Opinión

La madre perfecta

El primer corazón que se oye en la vida es el de la madre. Y es el primero en el que se confía; el primero que suena a luz. Aquel abrigo protector de la casa que llega a considerarse propia, el profundo techo del alma, es un vientre con cimientos que nos ampara. Es el templo familiar de la posada segura; el de la puerta que convida a la sabia serenidad a quedarse para siempre. Se respeta a las mamás aunque haya algunas que no se den a respetar; aunque existan aquellas que, incluso viviendo junto con sus crías, las abandonen a su suerte. Hay progenitoras que no merecen serlo. Pero son las menos, creo yo; las que rompen la regla con su excepción egoísta, descuidada o intolerante. E incluso así, no faltan los nobles vástagos que terminan perdonándolas.

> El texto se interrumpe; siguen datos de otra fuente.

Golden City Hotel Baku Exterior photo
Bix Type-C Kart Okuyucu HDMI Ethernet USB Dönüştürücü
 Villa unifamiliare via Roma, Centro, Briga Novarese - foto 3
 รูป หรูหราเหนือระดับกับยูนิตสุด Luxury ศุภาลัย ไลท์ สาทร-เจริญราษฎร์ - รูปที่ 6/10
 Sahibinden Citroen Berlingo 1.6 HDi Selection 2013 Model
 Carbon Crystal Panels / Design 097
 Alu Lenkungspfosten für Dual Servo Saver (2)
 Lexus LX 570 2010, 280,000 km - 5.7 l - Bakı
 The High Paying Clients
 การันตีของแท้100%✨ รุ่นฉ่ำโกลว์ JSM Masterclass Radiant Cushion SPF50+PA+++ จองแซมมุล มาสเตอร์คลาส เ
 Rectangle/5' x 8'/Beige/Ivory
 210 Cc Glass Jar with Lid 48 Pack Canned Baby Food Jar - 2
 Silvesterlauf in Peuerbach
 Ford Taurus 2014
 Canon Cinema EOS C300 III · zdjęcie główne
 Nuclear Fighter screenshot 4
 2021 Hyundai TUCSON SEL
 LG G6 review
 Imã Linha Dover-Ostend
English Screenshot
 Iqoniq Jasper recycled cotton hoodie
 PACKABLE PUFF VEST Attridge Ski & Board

La tierra es una madre común que nos enseña los secretos íntimamente públicos de la naturaleza. Cuidarla debería de ser vocación. Y también respetarla. Triste es ver que los hijos pisoteen y maltraten a su cuenca de origen. Que no la veneren. Que no la protejan. Algunos, hasta con el cínico alarde de proclamar que la depredación no es más que un invento. Y otros, envilecidos hasta la ceguera, se permiten el caro lujo de ordeñarla sin piedad y arrinconarla en la esquina de la sangre. Son aquellos que no se detienen en su lucro voraz e infame, movidos por el atroz cortoplacismo del fabuloso negocio, que es pan para hoy pero hambre para mañana (Mi mamá es una ternura victoriosa personificada en la sobrevivencia de mil desafíos superados. Se levantó de una silla de ruedas en la que la irresponsabilidad de un traumatólogo corrupto la sumió por más de dos años. Fue padre y madre en innumerables episodios de mi existencia. Y respondió con un coraje total cada vez que hubo necesidad. Pudo ser violinista, pero el machismo de la época no se lo permitió. Es una decoradora de primera que supo combinar su buen gusto con su veta artística. Y siempre me formó con argumentos basados en que el respeto debe observarse hasta sus últimas consecuencias. Es mucho lo que le debo. Todo, en realidad. Mi amor por la vida lo aprendí de su ejemplo.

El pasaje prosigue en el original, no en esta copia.